The processor that makes your laptop or cell phone work was fabricated using quartz from this obscure Appalachian backwater. From a report: Alex Glover is a recently retired geologist who has spent decades hunting for valuable minerals in the hillsides and hollows of the Appalachian Mountains that surround Spruce Pine, North Carolina. Spruce Pine is not a wealthy place. Its downtown consists of a somnambulant train station across the street from a couple of blocks of two-story brick buildings, including a long-closed movie theater and several empty storefronts.

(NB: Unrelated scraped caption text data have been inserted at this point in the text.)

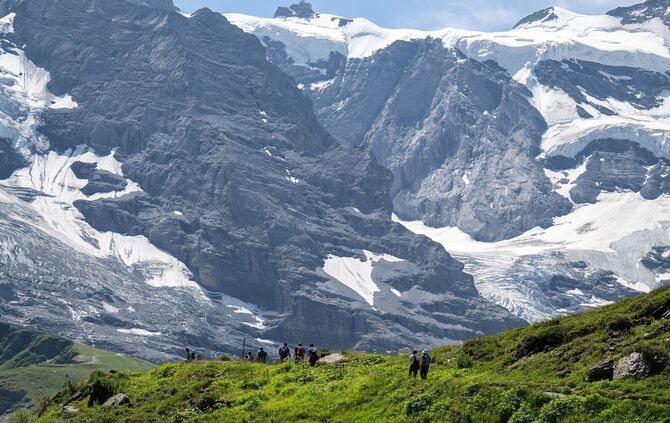 Die vermisste Wanderin wurde in den Schweizer Alpen tot gefunden. (Symbolbild)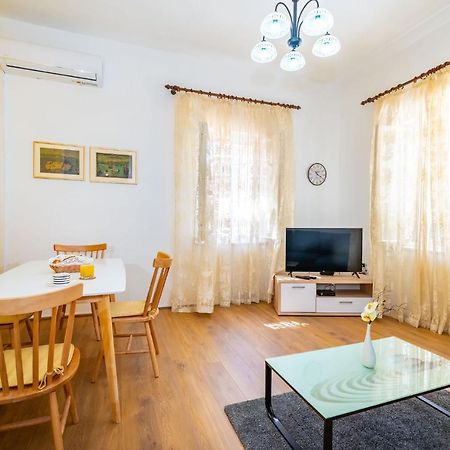 History Apartments Center زادار المظهر الخارجي الصورة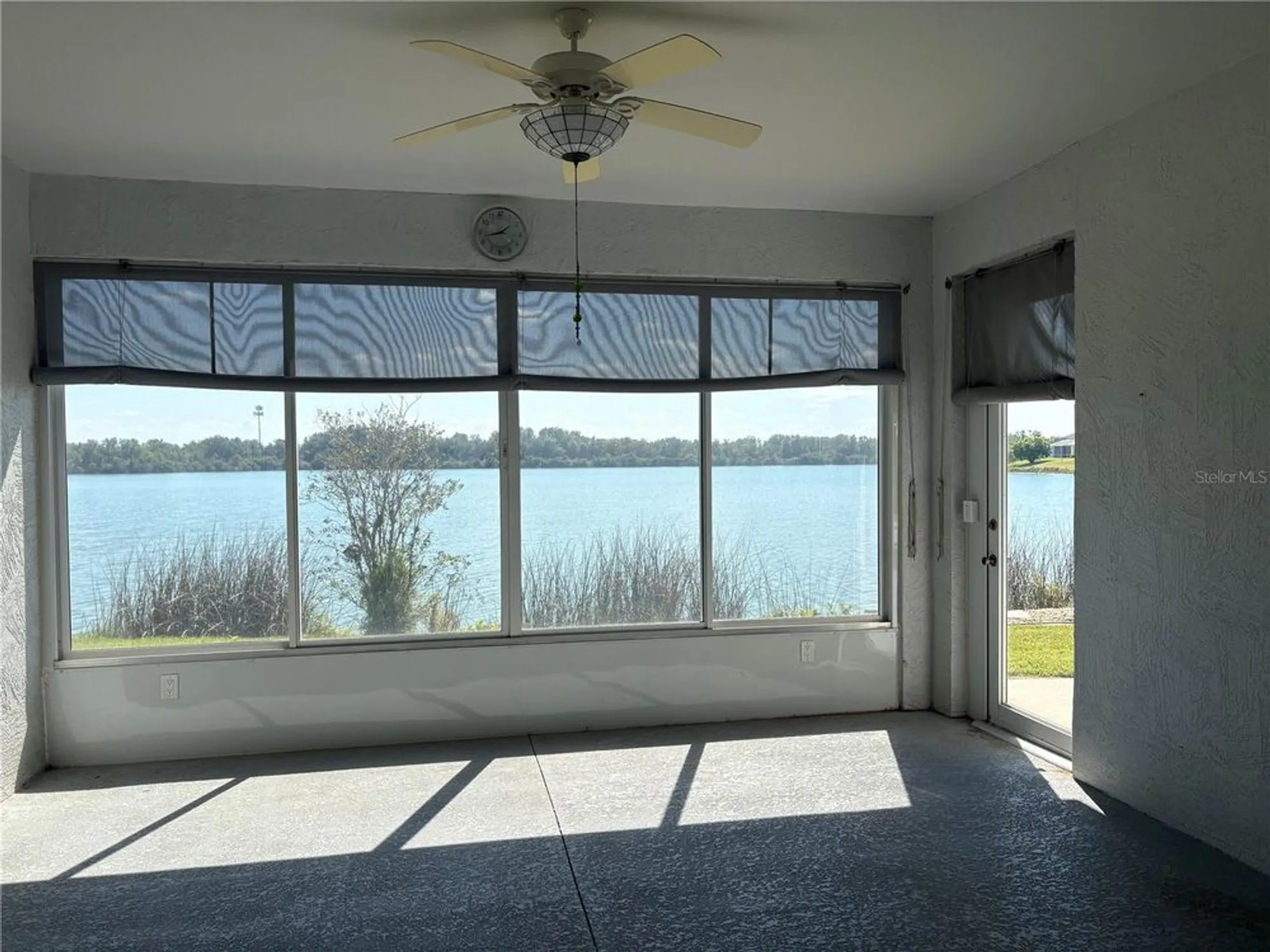 Property Slideshow image 26 of 53 | 4220 windchime ln, Lakeland, FL, 33811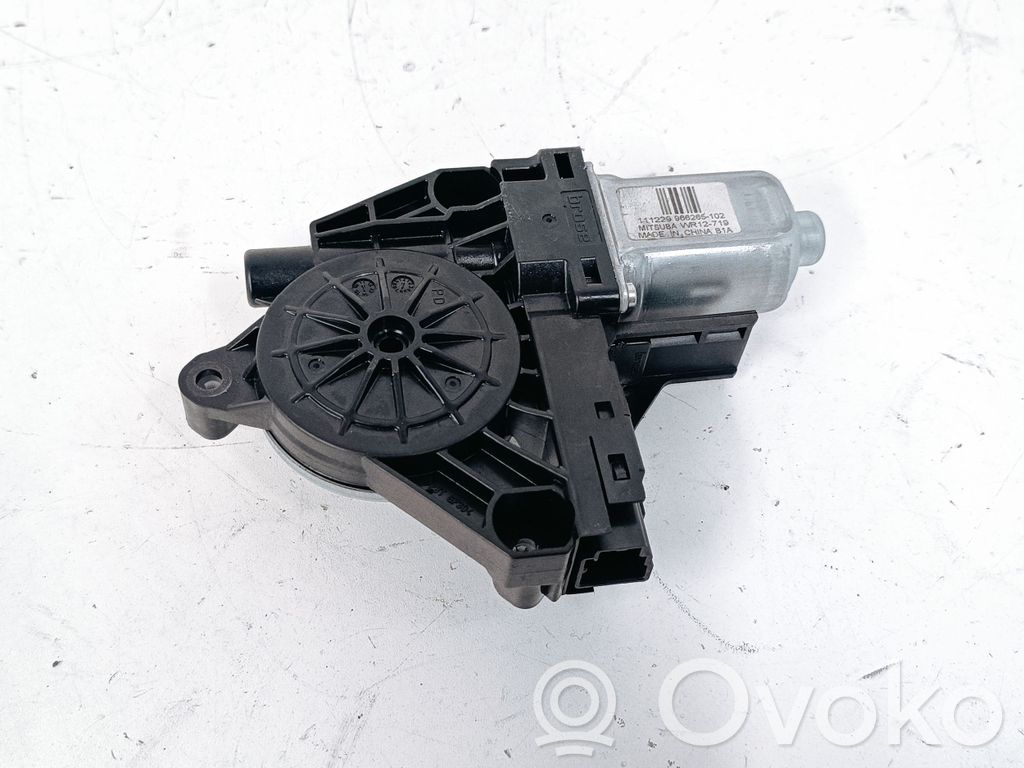 Volvo XC70 Asa reguladora de la puerta trasera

The wooded mountains surrounding it, though, are rich in all kinds of desirable rocks, some valued for their industrial uses, some for their pure prettiness. But it's the mineral in Glover's bag -- snowy white grains, soft as powdered sugar -- that is by far the most important these days. It's quartz, but not just any quartz. Spruce Pine, it turns out, is the source of the purest natural quartz -- a species of pristine sand -- ever found on Earth.

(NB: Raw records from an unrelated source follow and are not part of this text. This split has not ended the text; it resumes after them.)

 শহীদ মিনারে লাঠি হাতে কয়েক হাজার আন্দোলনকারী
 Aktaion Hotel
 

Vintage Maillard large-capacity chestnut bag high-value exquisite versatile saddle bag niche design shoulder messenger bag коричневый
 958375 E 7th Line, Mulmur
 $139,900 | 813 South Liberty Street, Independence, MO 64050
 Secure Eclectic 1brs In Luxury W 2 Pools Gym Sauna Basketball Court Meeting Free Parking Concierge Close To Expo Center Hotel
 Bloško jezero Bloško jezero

This ultra-elite deposit of silicon dioxide particles plays a key role in manufacturing the silicon used to make computer chips. In fact, there's an excellent chance the chip that makes your laptop or cell phone work was made using sand from this obscure Appalachian backwater. "It's a billion-dollar industry here," Glover says with a hooting laugh. "Can't tell by driving through here. You'd never know it." In the 21st century, sand has become more important than ever, and in more ways than ever. Most of the world's sand grains are composed of quartz, which is a form of silicon dioxide, also known as silica. High-purity silicon dioxide particles are the essential raw materials from which we make computer chips, fiber-optic cables, and other high-tech hardware -- the physical components on which the virtual world runs.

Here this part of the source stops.